By Emmanuel Nduka
Jimmy Carter, America’s former and oldest living president, has died, aged 100 years old.
The Carter Centre said its founder died on Sunday in Plains, the town where he was born in Georgia.
Carter, a Democrat, became the 39th US president when he defeated former president Gerald Ford in 1976.
The Georgia native served a single term as president and was defeated by Republican Ronald Reagan in 1980.
The final year of his administration was dominated by a hostage crisis in Iran, when 52 Americans were taken captive at the US embassy in November 1979.
On the day he left office, 20 January 1981, the hostages were released. Carter had continued negotiations behind the scenes, even after his election defeat.
In 2002 he was awarded the Nobel Peace Prize for his work to avoid conflict around the world.

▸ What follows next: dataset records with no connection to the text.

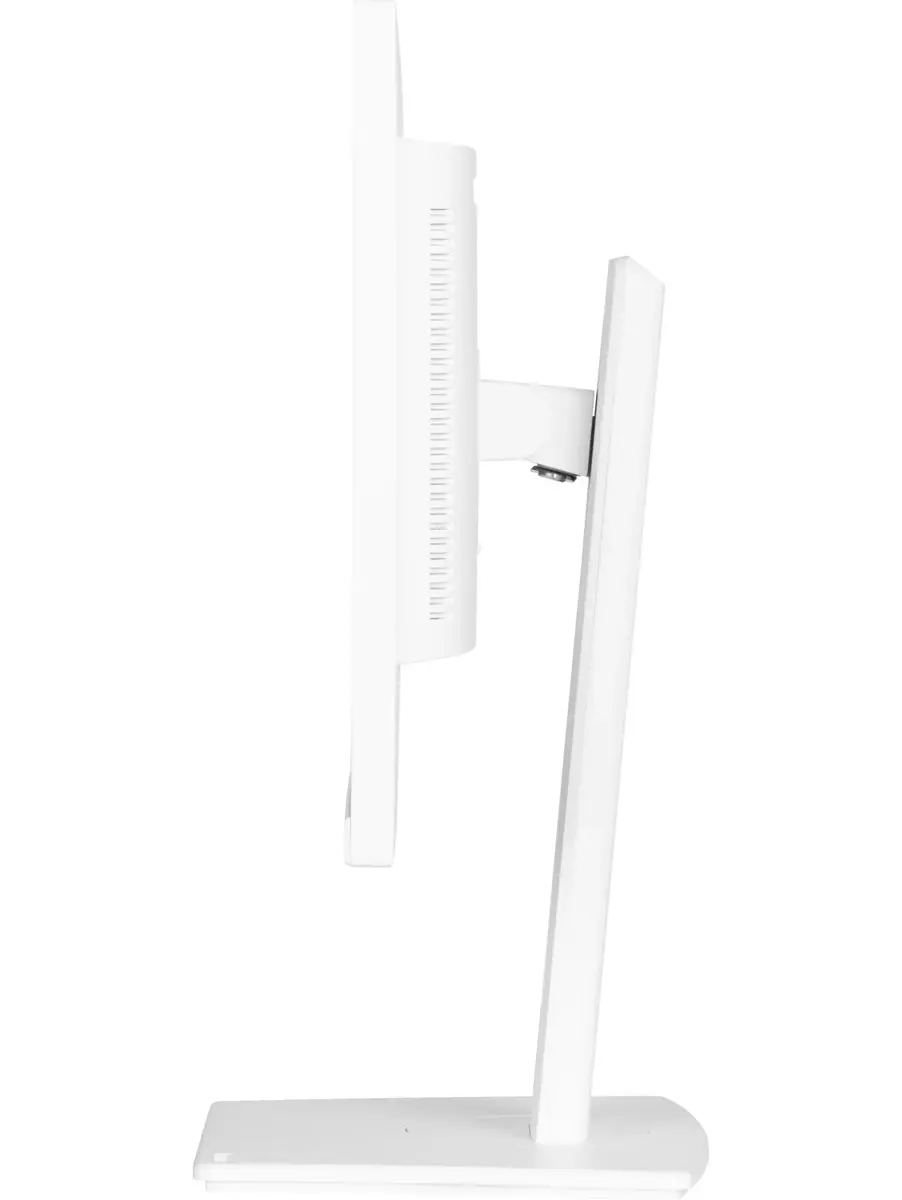 Монитор iiyama ProLite XUB2497HSN-W2 Photo 6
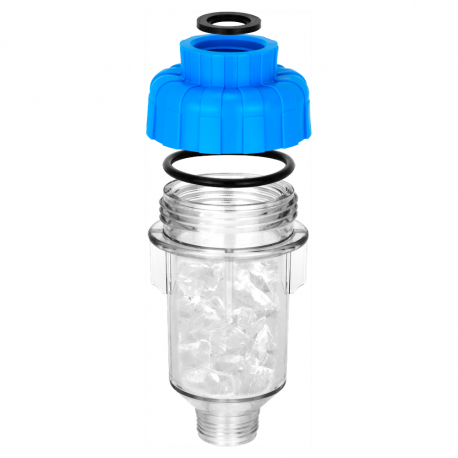 Дозатор полифосфата Аквабрайт -1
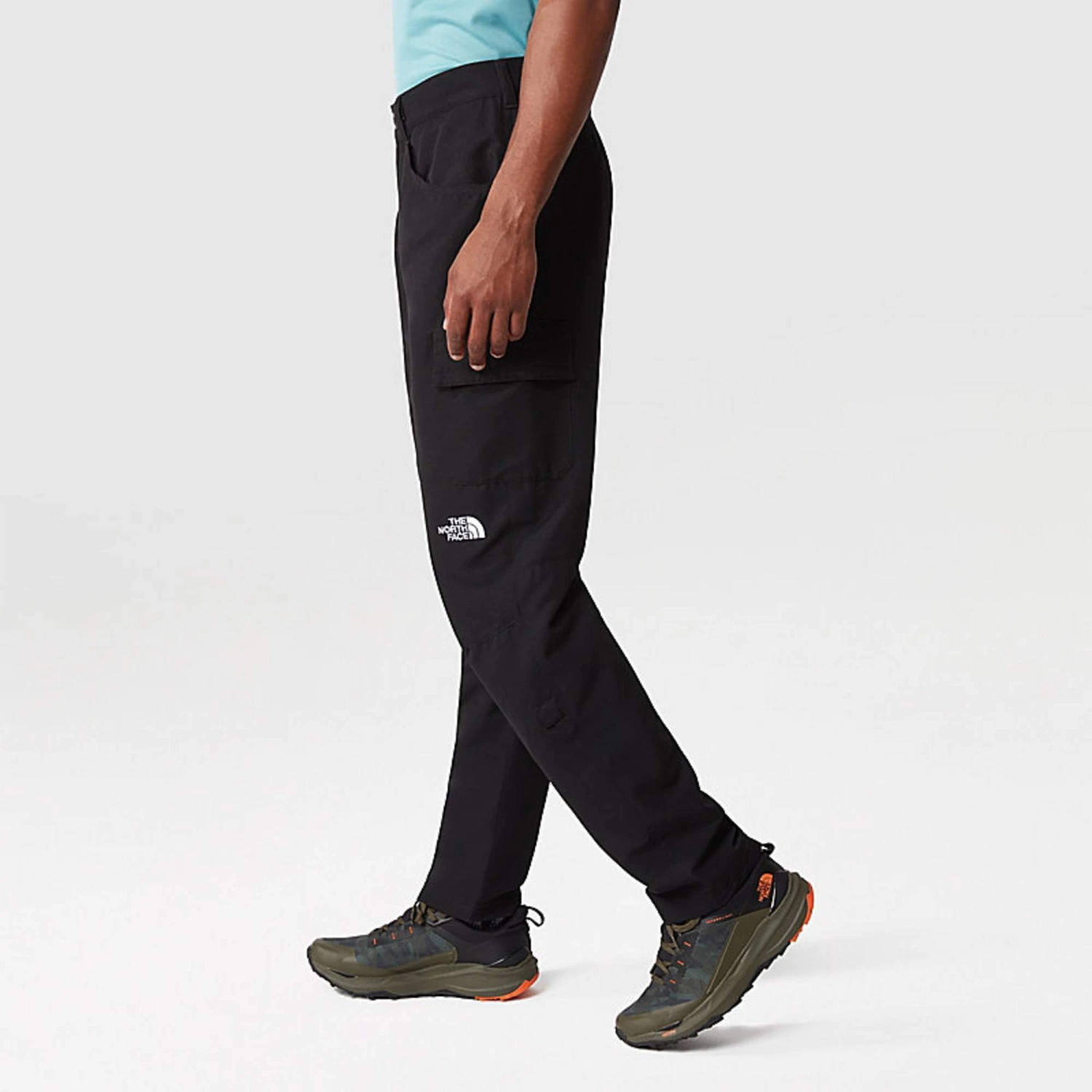 The North Face M HORIZON PANT Herren - Freizeithose – Bild 5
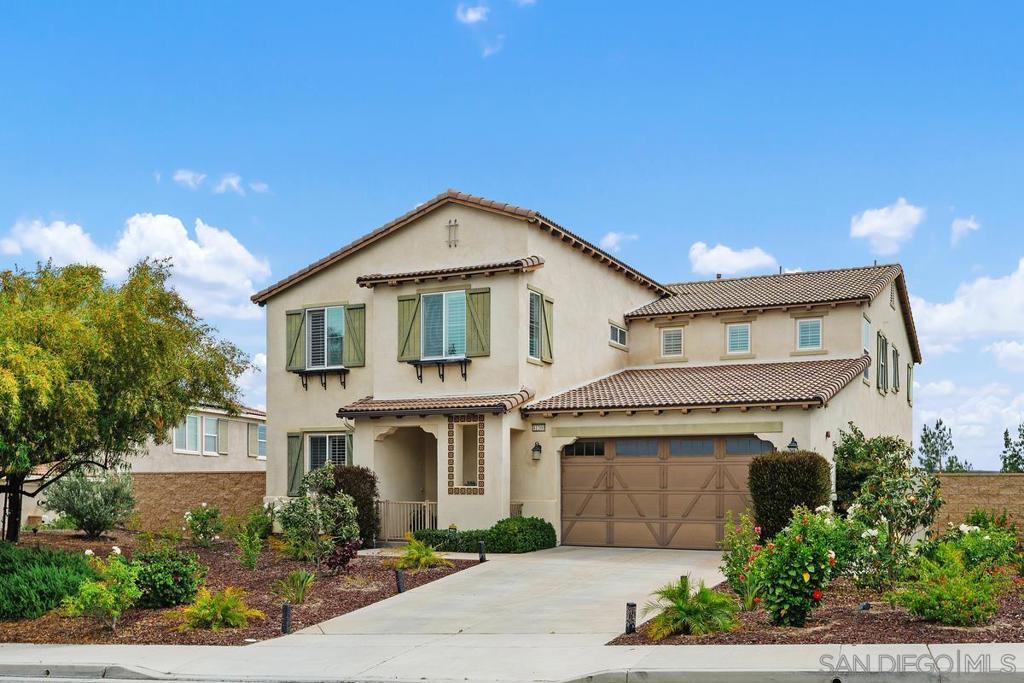 MLS #260011840SD image #0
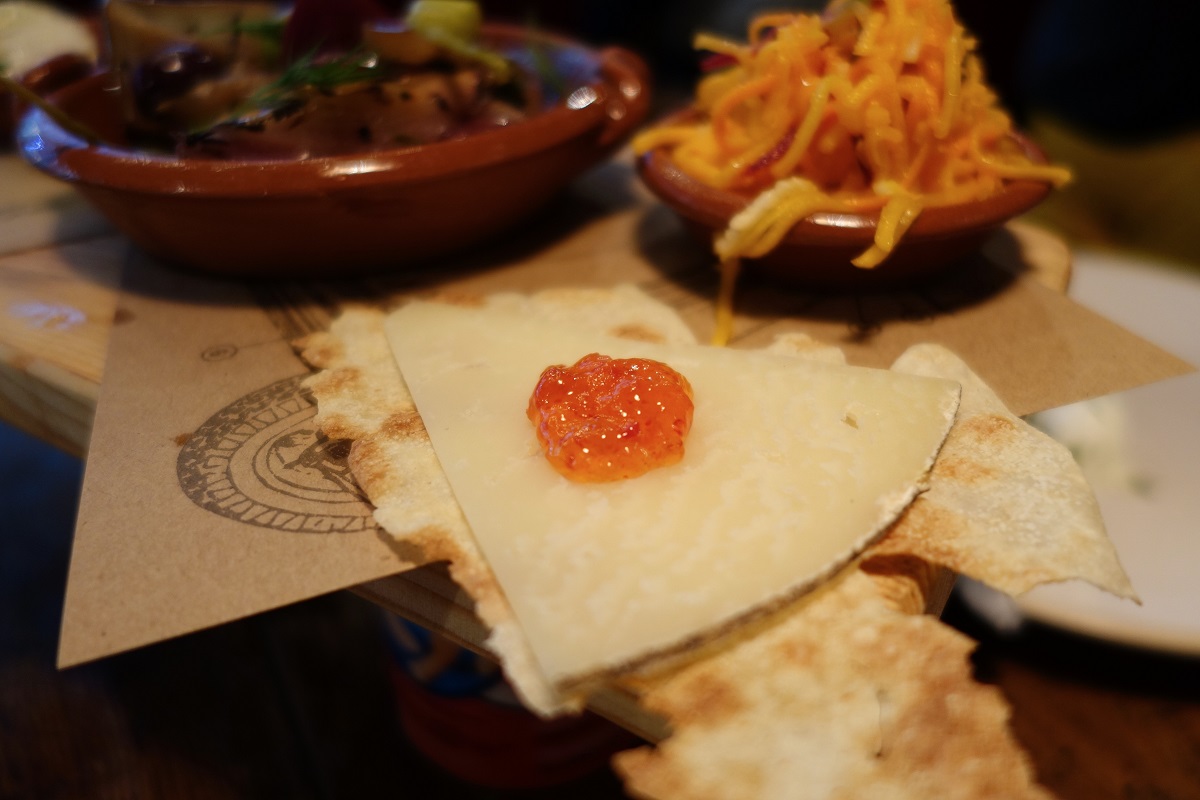 DSC05794.JPG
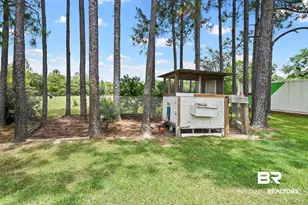 17501 -A Francis Harrell Rd, Elberta, AL 36530 - Photo 45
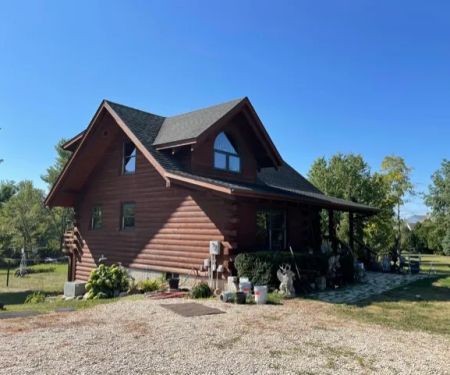 CertaPro Painters of Cedar Rapids IA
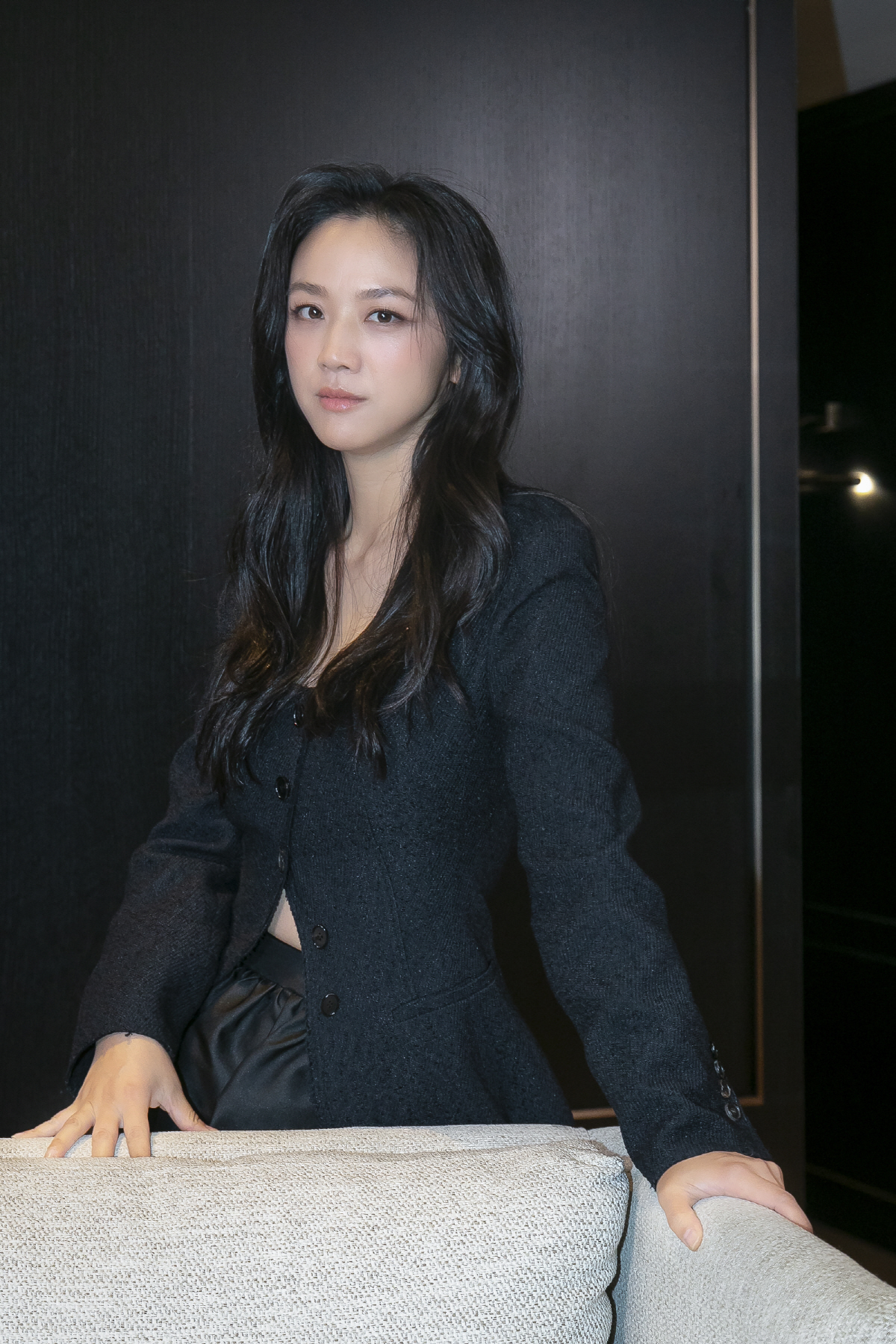 (주)에이스메이커무비웍스 이미지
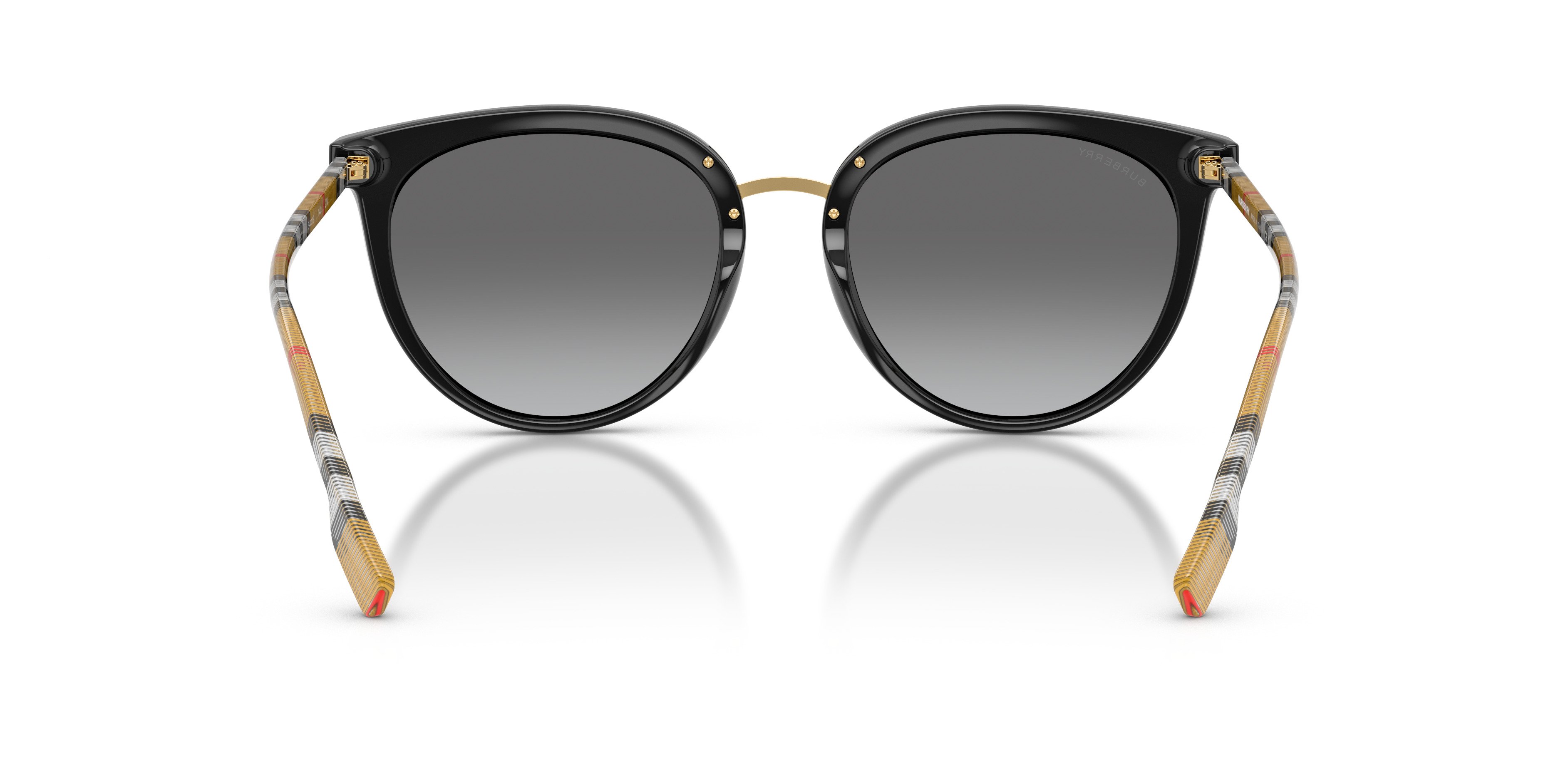 BE4316 Sophia - 4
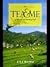 Tea & Me: A Memoir of Planting Life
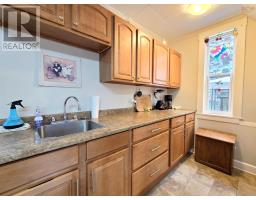 26 Croft Street, Amherst, NS B4H2Z4 Photo 14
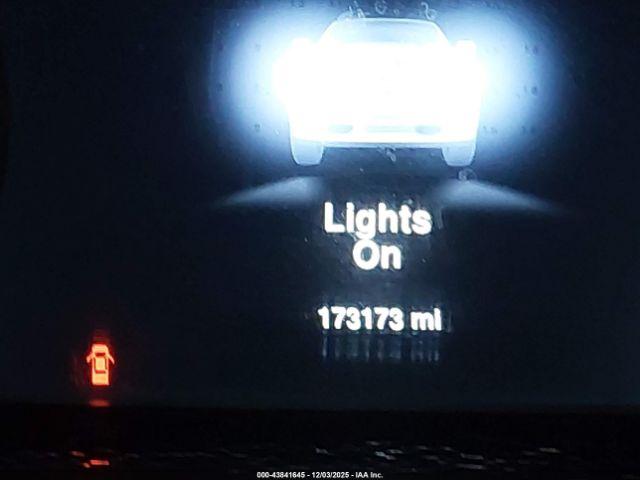 Ram 1500 Big Horn Image 15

“Our founder, former U.S. President Jimmy Carter, passed away this afternoon in Plains, Georgia,” the Carter Centre wrote on X, formerly Twitter.
When his wife, Rosalynn Carter, died aged 96, in November 2023, the former president went to the memorial service held in her honour in Atlanta, Georgia.
In February 2023, it was revealed he was receiving hospice care and would “spend his remaining time at home with his family”.
Carter had decided against “additional medical intervention” following a series of brief hospital stays, the Carter Centre said in a statement at the time.